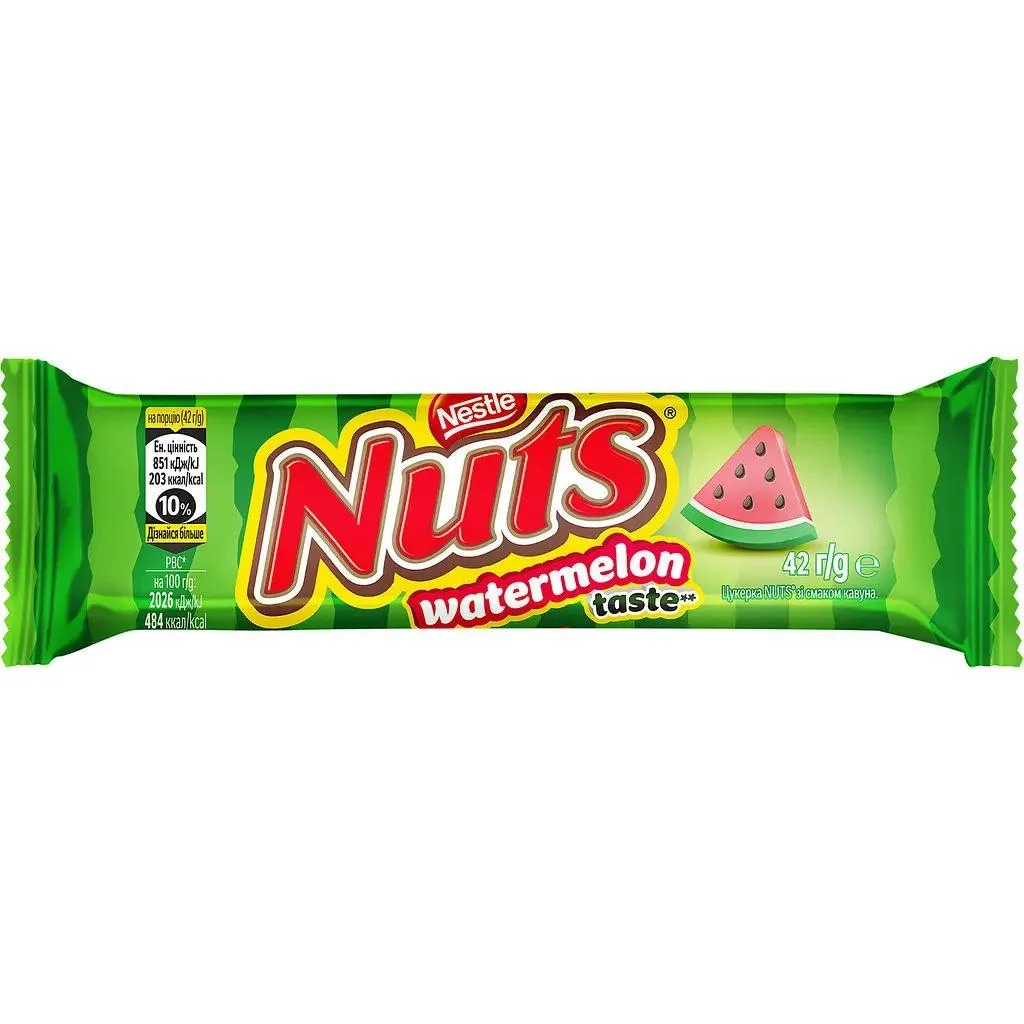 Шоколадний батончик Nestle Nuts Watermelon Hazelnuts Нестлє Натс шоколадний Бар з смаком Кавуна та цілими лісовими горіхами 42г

= = = =

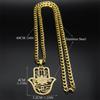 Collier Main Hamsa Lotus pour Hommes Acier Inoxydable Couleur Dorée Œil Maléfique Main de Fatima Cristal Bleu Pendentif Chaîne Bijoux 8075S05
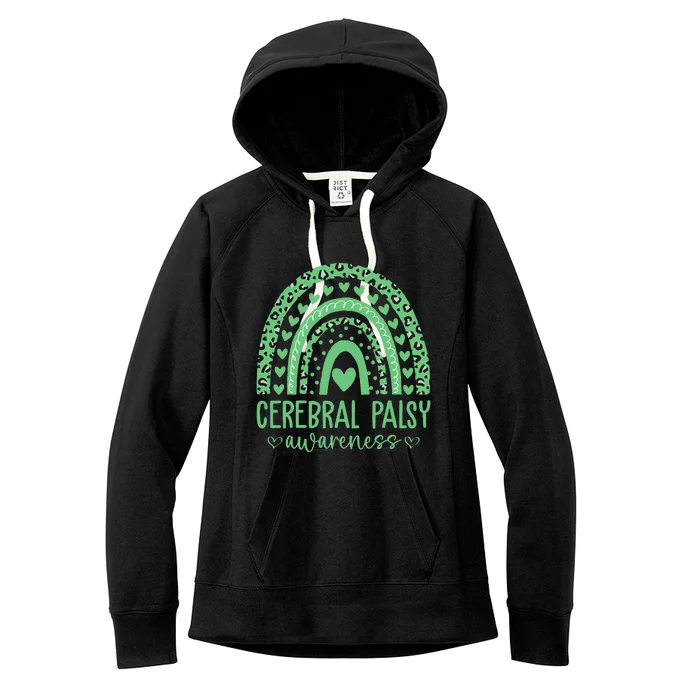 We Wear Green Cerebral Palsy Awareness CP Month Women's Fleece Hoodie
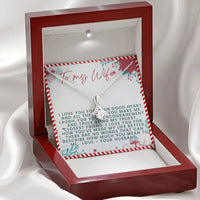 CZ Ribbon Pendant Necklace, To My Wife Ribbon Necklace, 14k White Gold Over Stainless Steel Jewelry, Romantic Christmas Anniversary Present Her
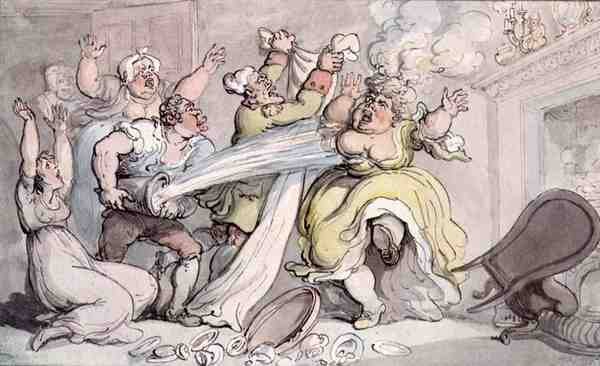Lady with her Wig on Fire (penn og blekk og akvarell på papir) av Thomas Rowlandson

= = = =

What to do: Could the stretch from the line with "Collier Main Hamsa" through the line with "Lady with her" in the listing above be restated word for word, minus the pictures?

Answer to this exercise:
 Collier Main Hamsa Lotus pour Hommes Acier Inoxydable Couleur Dorée Œil Maléfique Main de Fatima Cristal Bleu Pendentif Chaîne Bijoux 8075S05
 We Wear Green Cerebral Palsy Awareness CP Month Women's Fleece Hoodie
 CZ Ribbon Pendant Necklace, To My Wife Ribbon Necklace, 14k White Gold Over Stainless Steel Jewelry, Romantic Christmas Anniversary Present Her
Lady with her Wig on Fire (penn og blekk og akvarell på papir) av Thomas Rowlandson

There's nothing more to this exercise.